The trouble isn’t with safe harbor clauses …

... the trouble is with speeches so salesy as to require them. So argues one veteran CEO scribe.

Re. “Fear and loathing in executive communications.” Fletcher Dean, Director, Office of the Chairman & CEO and Executive Communiations: I don’t buy the position that the reason corporate chiefs can’t get good forums is because of safe harbor clauses. The reason they can’t get good forums is because they’re delivering speeches that contain safe harbor clauses to begin with. Any speech to TED, WSJ Eco:nomics Forum, Boston CEO Club or any other top forum that has to have a safe harbor clause will fail. It’s that simple. In my experience, conference organizers DO want CEOs because they’re often the brightest, sexiest type of speakers and help drive attendance. But there’s a huge caveat. They only want them if the speaker—whether it’s a CEO, a professor or a line-manager at the local pizza shop—can give something useful back to the audience.
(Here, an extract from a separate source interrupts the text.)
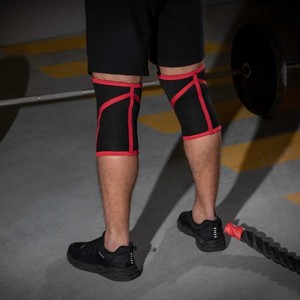 Manchon de compression en néoprène pour homme, nouveau design, manche pour la musculation, charge amincissante, fitness - Product Image 3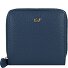  Asti Geldbörse RFID Leder 10 cm Variante dawn blue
It’s a lesson a lot of CEOs have trouble understanding. They’ve grown up in a world where everything revolves around them and their organization. So every time they go out, they often feel they have to sell, sell, sell. That’s marketing and it has no place in the public forum arena. What conference organizers are looking for are thought leaders, those CEOs who see the big picture of the world and can share that with the audience. Bottom line? If your speech requires a safe harbor clause and your audience isn’t investors or analysts, it’s an excellent sign that there’s going to be a mismatch between what your speaker wants to say and the audience needs to hear.